The expected output is each line from the one containing "Casa · 297m² · 9 Ambientes · 6 Cocheras" to the last line of the data below, set down exactly, minus the pictures.

════════════════════

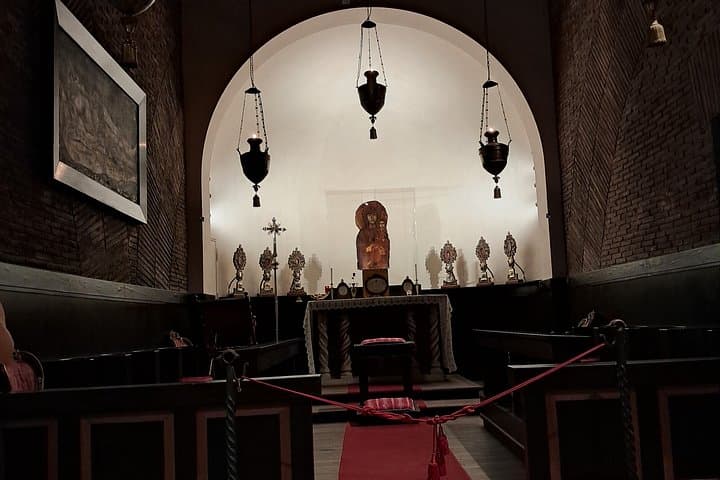 The hidden side of Pantheon exclusive tour and fast entrance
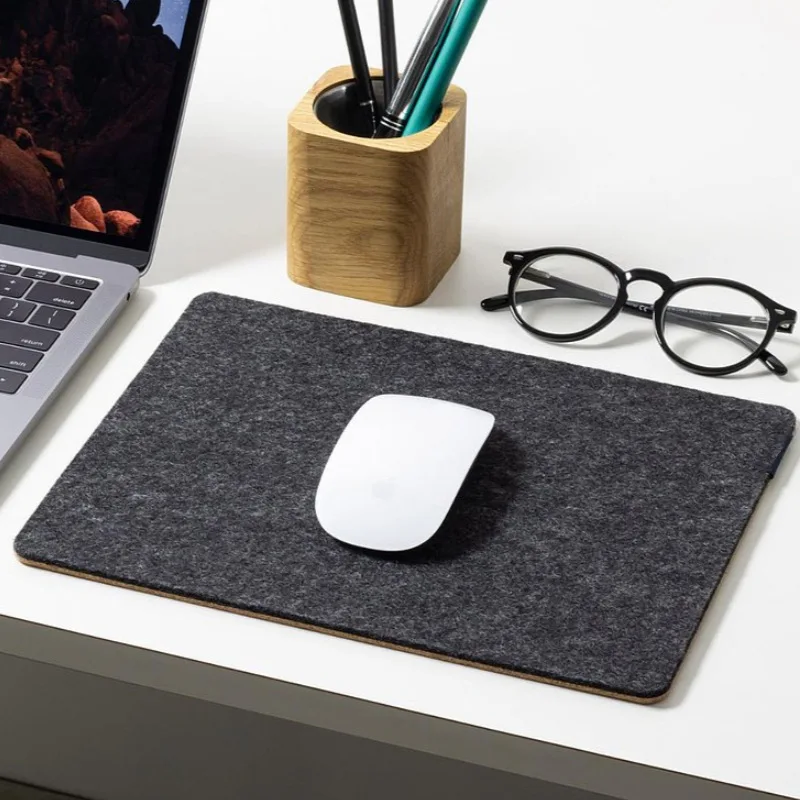 235*200*2mm Felt Desk Mat Sweat-absorbing And Odorless Gaming Mouse Pad Non-slip Thickened Mouse Pad Office Accessories for Desk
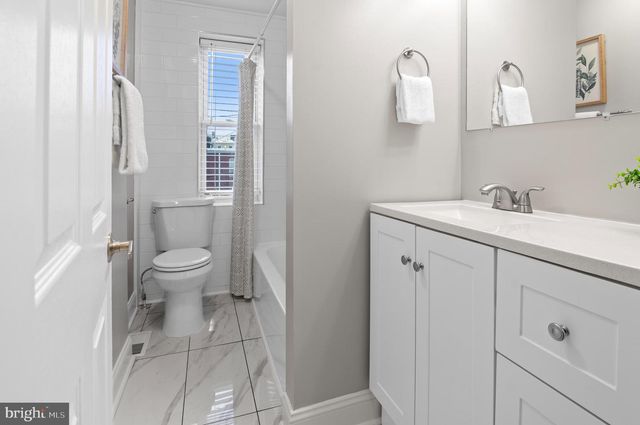 2318 GUILFORD AVE, Baltimore, MD 21218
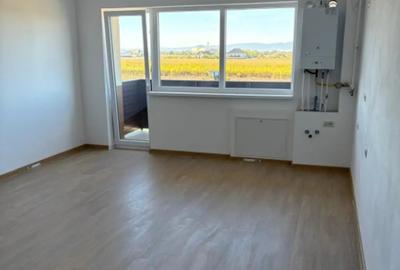 Garsonieră decomandată în Sânpetru - 1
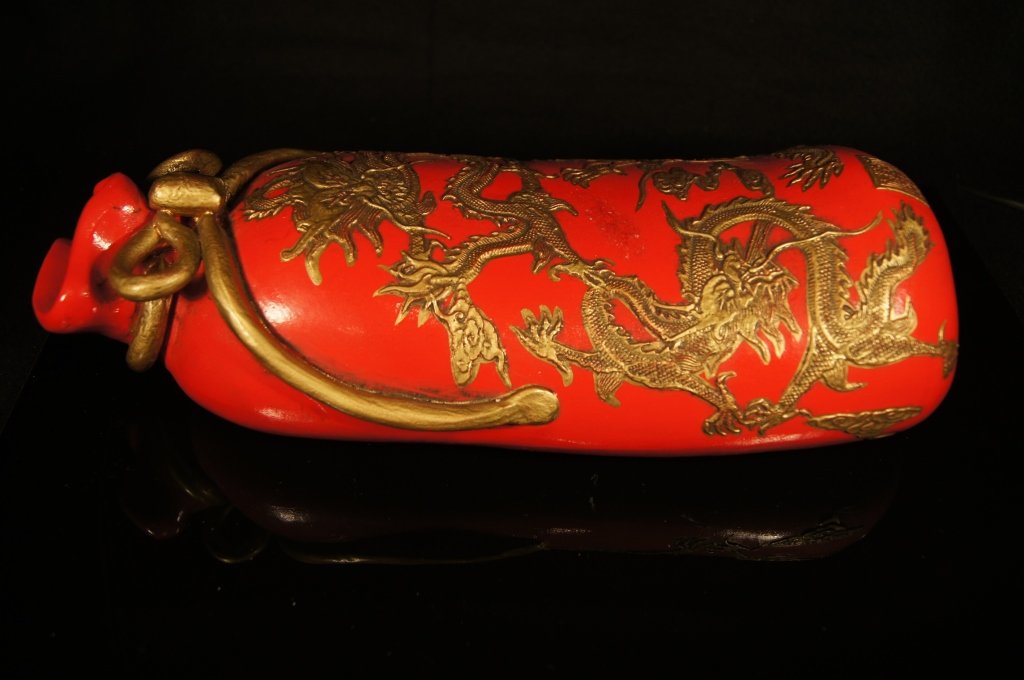 Chinese antique porcelain pillow: Chinese antique porcelain pillow ; Golden painted Dragons ; Qianlong mark ; L: 32 cm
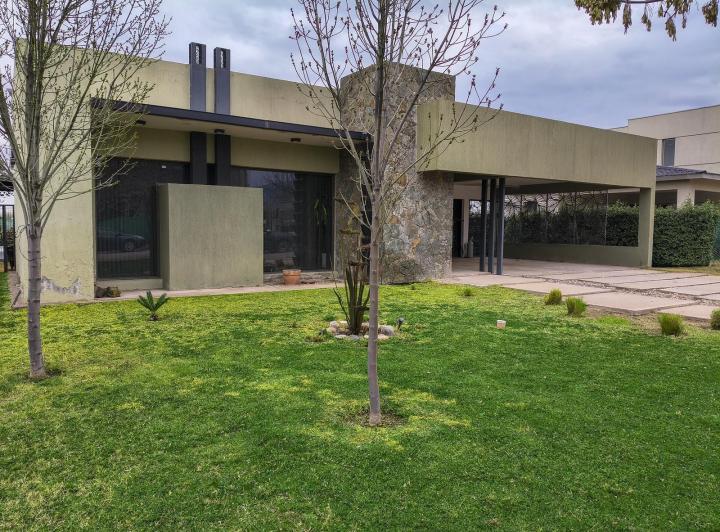 Casa · 297m² · 9 Ambientes · 6 Cocheras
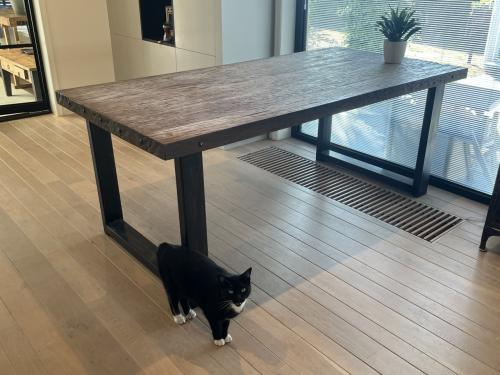 Exclusieve robuuste oud houten eettafel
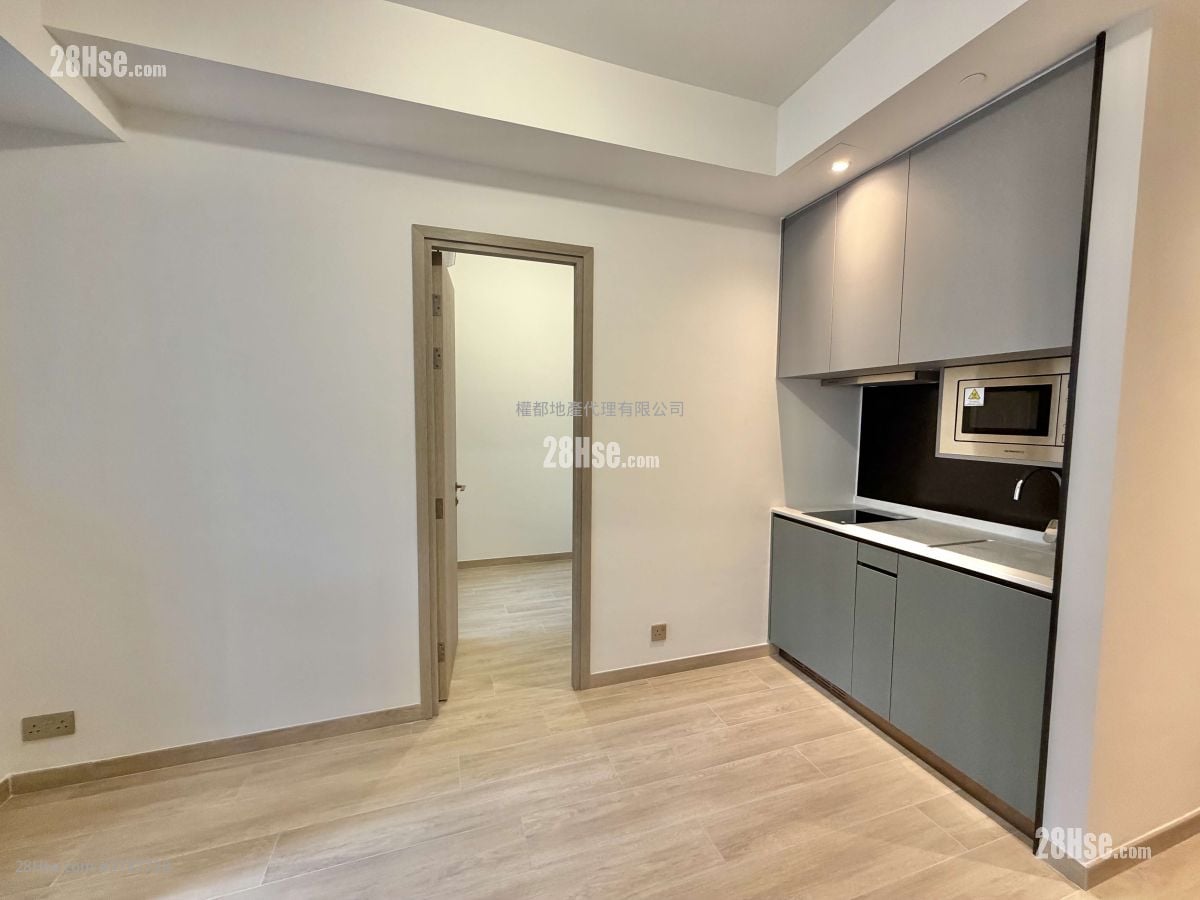 Soyo Square Rental 2 Bedrooms , 1 Bathroom 309 ft²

════════════════════

## [Problem solution]
 Casa · 297m² · 9 Ambientes · 6 Cocheras
 Exclusieve robuuste oud houten eettafel
 Soyo Square Rental 2 Bedrooms , 1 Bathroom 309 ft²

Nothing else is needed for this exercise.